*Exercise prompt*: Would you write out, exactly as they stand, all lines from the one containing "A crescent-shaped pastry" through the end of the listing below, and only those?

*Records supplied*:
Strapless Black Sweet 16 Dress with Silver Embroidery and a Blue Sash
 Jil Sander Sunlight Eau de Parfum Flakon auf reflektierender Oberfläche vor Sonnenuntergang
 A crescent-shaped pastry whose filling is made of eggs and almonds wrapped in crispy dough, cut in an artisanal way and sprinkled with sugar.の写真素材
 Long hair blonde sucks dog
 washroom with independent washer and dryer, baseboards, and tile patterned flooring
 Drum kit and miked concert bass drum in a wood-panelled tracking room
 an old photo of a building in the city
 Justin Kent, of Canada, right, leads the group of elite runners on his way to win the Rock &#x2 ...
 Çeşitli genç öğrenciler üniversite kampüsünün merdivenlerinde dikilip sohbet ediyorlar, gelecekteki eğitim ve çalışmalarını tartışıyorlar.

*Exercise result*:
 A crescent-shaped pastry whose filling is made of eggs and almonds wrapped in crispy dough, cut in an artisanal way and sprinkled with sugar.の写真素材
 Long hair blonde sucks dog
 washroom with independent washer and dryer, baseboards, and tile patterned flooring
 Drum kit and miked concert bass drum in a wood-panelled tracking room
 an old photo of a building in the city
 Justin Kent, of Canada, right, leads the group of elite runners on his way to win the Rock &#x2 ...
 Çeşitli genç öğrenciler üniversite kampüsünün merdivenlerinde dikilip sohbet ediyorlar, gelecekteki eğitim ve çalışmalarını tartışıyorlar.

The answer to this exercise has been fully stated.